** YOUR INSTRUCTIONS **
Everything from the line holding "kolibřík zelenkavý - ML618940838" to the last line of the material below must be retyped exactly, minus any pictures.

▼▼▼

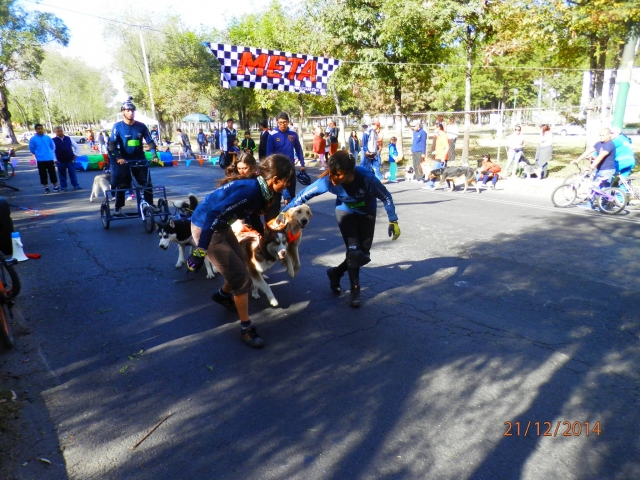 Practicando mushing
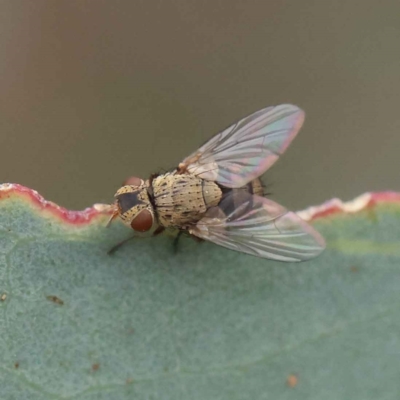 Tachinidae (family) (Unidentified Bristle fly) at O'Connor, ACT - 28 Feb 2023 by ConBoekel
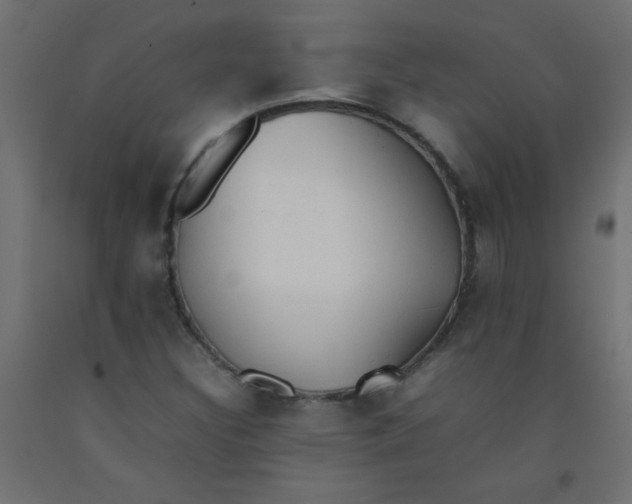 X0000092071308200710101010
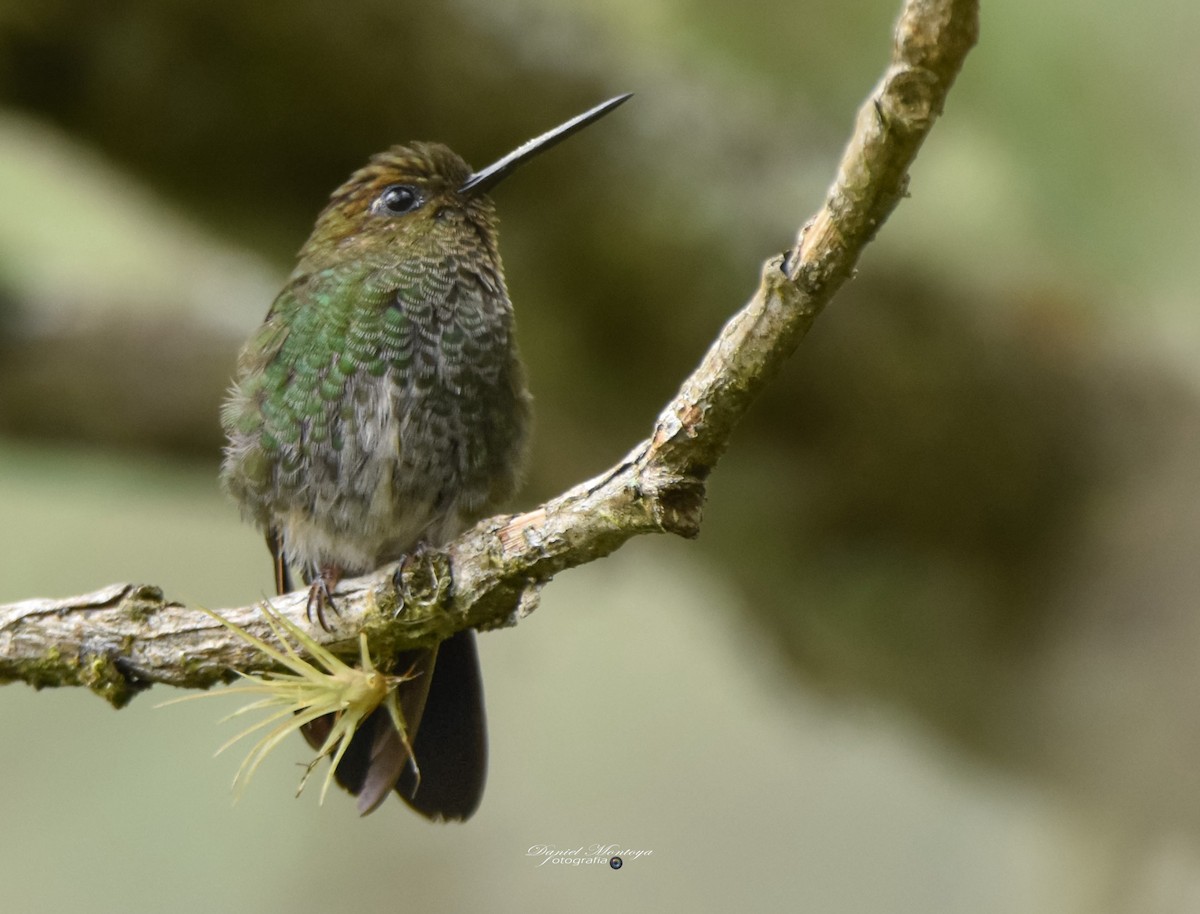 kolibřík zelenkavý - ML618940838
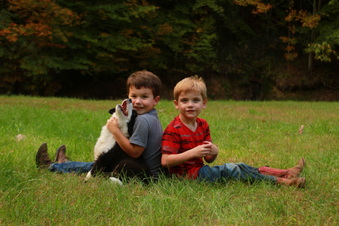 Enlarge photo 19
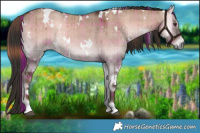 Horse Color:Plaid White Spotted Liver Red Dun Onyx Brindle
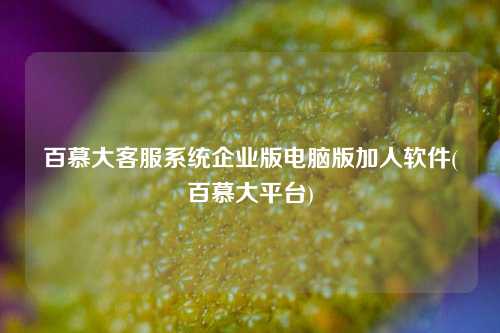 百慕大客服系统企业版电脑版加人软件(百慕大平台)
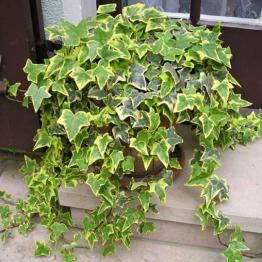 Cây thường xuân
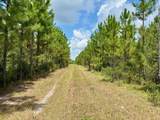 TBD Borders Rd - Photo 3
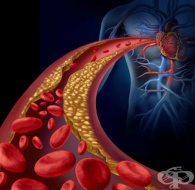 T46.6 �������������������� � �������������������� ��������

▲▲▲

** WRITTEN REPLY **
 kolibřík zelenkavý - ML618940838
 Enlarge photo 19
 Horse Color:Plaid White Spotted Liver Red Dun Onyx Brindle
 百慕大客服系统企业版电脑版加人软件(百慕大平台)
 Cây thường xuân
 TBD Borders Rd - Photo 3
 T46.6 �������������������� � �������������������� ��������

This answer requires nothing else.